(Data for this exercise)
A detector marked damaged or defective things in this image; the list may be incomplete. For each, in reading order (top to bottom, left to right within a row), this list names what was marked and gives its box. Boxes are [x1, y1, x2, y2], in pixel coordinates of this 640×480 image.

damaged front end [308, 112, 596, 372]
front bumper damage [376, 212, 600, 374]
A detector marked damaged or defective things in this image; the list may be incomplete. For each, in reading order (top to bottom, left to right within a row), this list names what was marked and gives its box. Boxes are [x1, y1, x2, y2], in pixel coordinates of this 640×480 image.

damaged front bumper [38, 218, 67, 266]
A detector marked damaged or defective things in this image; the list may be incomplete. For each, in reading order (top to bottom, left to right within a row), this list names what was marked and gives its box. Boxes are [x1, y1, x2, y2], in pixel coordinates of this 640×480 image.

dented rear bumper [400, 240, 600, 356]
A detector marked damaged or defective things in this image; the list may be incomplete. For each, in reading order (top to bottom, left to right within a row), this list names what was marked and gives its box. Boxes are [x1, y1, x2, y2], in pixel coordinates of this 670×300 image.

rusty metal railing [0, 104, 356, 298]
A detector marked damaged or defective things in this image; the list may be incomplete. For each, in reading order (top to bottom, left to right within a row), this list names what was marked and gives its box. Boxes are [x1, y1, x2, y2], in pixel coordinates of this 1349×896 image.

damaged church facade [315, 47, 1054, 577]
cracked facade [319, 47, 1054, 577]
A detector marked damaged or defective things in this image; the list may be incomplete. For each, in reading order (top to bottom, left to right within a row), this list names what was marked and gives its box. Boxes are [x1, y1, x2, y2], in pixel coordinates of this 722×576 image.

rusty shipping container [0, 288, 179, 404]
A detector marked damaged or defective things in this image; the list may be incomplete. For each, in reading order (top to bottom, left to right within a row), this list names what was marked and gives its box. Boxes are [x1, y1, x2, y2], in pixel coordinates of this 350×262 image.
(End Data for this exercise)
Copy exactly. Start at the line containing "this 670×300 image." and continue through the last line of the records.

A detector marked damaged or defective things in this image; the list may be incomplete. For each, in reading order (top to bottom, left to right within a row), this list names what was marked and gives its box. Boxes are [x1, y1, x2, y2], in pixel coordinates of this 670×300 image.

rusty metal railing [0, 104, 356, 298]
A detector marked damaged or defective things in this image; the list may be incomplete. For each, in reading order (top to bottom, left to right within a row), this list names what was marked and gives its box. Boxes are [x1, y1, x2, y2], in pixel coordinates of this 1349×896 image.

damaged church facade [315, 47, 1054, 577]
cracked facade [319, 47, 1054, 577]
A detector marked damaged or defective things in this image; the list may be incomplete. For each, in reading order (top to bottom, left to right within a row), this list names what was marked and gives its box. Boxes are [x1, y1, x2, y2], in pixel coordinates of this 722×576 image.

rusty shipping container [0, 288, 179, 404]
A detector marked damaged or defective things in this image; the list may be incomplete. For each, in reading order (top to bottom, left to right within a row), this list names what was marked and gives its box. Boxes are [x1, y1, x2, y2], in pixel coordinates of this 350×262 image.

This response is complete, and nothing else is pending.